Saturday, June 07, 2008

Hokusai, Mangaka

1. Katsushika Hokusai's, Ejira in Suruga Province


From time to time we've looked at how difficult it can be to choose the precise moment to illustrate a situation. To be more precise we've seen many instances where illustrators sometimes seem to pick the exact moment before, or the exact moment after, but not the precise moment that sometimes looks like the artist has captured a moment in time.

Now I know what you're thinking: It's so ephemeral that capturing the perfect moment may be more down to chance than planning. Well no, I'd argue that can't be true, because some people manage to do it time after time, Turner for instance, and Katsushika Hokusai (1760-1849).


We're not going to concentrate on Hokusai's ubiquitous Great Wave Off Kanagawa, we're going to look instead, at another work from Thirty-six Views of Mt. Fuji, Ejira in Suruga Province. And we're going to look at that woodblock print from 1831 because we can contrast it with a modern work by Canadian photographer, Jeff Wall, from 1993 called A Sudden Gust of Wind(after Hokusai).


You're likely to have noticed that 'A Sudden Gust of Wind' has 'foregrounded' the wind, and ignored the spiritual centre of Hokusai's work, Mount Fuji. Mount Fuji is the highest mountain in Japan and it is located in Honshu, Japan's largest island. Known locally as Fujisan (note:this shouldn't be confused with the male honorific 'San'), Mount Fuji is a sacred mountain, steeped in history and ringed by lakes and forests, and has, for centuries, been the traditional goal of pilgrimage. In his book, Hokusai said, "It struck me that it would be good to take one thing in life and regard it from many viewpoints, as a focus for my being, and perhaps as a penance for alternatives missed".

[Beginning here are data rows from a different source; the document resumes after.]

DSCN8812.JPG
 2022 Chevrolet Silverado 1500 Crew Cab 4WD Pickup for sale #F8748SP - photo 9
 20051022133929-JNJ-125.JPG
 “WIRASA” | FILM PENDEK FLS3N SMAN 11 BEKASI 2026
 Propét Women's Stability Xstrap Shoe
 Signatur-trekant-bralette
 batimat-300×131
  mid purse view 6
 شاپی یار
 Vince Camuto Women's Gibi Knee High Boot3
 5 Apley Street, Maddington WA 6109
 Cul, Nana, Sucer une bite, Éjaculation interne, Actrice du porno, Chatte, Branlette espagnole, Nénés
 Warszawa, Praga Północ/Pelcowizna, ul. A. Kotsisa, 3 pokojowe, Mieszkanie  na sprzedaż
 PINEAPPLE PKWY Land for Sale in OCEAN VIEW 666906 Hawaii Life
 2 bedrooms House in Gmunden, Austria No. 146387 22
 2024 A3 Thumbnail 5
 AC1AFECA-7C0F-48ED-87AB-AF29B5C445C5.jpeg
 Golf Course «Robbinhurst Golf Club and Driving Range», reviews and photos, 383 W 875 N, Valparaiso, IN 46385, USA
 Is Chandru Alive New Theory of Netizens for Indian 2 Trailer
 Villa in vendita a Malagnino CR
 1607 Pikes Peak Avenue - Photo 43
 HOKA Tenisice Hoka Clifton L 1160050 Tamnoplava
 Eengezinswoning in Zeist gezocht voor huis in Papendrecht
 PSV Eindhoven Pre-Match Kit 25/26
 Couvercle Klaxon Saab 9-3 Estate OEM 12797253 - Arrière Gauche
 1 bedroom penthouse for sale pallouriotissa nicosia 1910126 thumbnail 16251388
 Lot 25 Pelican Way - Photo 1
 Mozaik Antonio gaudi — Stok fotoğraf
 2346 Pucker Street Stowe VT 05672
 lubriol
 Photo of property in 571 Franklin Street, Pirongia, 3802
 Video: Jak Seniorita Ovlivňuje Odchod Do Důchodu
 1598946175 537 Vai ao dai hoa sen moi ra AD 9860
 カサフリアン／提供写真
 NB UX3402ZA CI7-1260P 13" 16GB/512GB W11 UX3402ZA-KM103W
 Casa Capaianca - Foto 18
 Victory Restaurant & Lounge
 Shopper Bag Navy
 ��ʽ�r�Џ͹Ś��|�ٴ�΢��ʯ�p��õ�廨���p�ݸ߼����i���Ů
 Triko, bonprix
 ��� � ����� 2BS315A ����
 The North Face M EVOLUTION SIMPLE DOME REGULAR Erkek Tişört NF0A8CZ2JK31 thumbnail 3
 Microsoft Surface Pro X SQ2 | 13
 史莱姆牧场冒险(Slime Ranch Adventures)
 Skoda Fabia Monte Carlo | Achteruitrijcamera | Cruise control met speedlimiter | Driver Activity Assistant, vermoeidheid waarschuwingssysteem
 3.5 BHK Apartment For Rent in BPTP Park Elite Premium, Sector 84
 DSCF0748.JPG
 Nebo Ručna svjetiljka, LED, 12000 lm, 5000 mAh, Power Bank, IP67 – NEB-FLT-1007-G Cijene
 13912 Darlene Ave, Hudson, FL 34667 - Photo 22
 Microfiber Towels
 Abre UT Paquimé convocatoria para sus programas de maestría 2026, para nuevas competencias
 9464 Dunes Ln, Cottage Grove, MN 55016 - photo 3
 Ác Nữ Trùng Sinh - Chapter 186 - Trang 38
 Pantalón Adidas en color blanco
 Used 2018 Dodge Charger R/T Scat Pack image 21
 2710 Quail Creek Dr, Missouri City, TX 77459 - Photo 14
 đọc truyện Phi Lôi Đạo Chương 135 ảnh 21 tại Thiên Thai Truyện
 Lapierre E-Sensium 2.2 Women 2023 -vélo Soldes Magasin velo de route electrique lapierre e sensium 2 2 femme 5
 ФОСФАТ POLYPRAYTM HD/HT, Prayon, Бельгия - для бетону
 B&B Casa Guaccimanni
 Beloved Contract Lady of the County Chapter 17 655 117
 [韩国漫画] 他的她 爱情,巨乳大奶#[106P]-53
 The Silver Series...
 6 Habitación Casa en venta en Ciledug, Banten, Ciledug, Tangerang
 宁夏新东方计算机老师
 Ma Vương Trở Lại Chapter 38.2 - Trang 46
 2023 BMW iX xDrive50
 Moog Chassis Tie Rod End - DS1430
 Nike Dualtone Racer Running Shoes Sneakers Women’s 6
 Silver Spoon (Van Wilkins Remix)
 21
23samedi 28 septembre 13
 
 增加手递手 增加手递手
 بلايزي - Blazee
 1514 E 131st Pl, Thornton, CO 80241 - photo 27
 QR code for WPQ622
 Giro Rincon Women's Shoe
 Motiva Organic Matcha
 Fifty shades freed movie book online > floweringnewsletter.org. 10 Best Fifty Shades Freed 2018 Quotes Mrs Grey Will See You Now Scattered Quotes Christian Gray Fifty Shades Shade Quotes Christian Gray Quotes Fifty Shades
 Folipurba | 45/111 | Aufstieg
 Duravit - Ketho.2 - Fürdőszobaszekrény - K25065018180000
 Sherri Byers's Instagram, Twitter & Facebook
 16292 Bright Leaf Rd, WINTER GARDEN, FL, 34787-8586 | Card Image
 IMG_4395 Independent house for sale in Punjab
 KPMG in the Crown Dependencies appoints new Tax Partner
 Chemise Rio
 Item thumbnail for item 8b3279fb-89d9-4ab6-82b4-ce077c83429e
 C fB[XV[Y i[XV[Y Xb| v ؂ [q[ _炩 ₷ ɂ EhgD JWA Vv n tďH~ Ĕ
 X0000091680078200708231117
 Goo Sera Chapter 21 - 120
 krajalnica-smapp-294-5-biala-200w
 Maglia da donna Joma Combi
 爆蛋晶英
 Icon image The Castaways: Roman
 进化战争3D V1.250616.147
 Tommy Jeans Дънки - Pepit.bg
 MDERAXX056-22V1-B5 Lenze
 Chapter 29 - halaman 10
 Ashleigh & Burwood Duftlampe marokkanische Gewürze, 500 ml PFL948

So let's look at Hokusai's work again in light of what we now know. Mount Fuji, the sacred object, is the focus of the work, and yet it is hardly catching our eye. It is barely a line, so slight it could be an afterthought. The foreground on the other hand, the blades of grass, the scribes clinging to their hats, and their modesty, are much more detailed. Fujisan, in the distance, seems like a benign influence on the composition, almost an afterthought.


It is a strange composition in many ways. It almost seems, at first glance, too subtle. Not for a moment, do we look at the paper that the wind has ripped from the hands of the people and scattered over the sky and think, 'ah ha, the artist is using the flying paper to balance the canvas'. Perhaps we feel that if Hokusai had wanted a more balanced drawing he would simply have shifted his perspective so that the twin-trees moved further to the right, balancing the drawing. That he has chosen not to manipulate the scene suggests even more that what we are seeing is a snapshot in time. A moment of real contemplation captured in a moment as time itself stood still.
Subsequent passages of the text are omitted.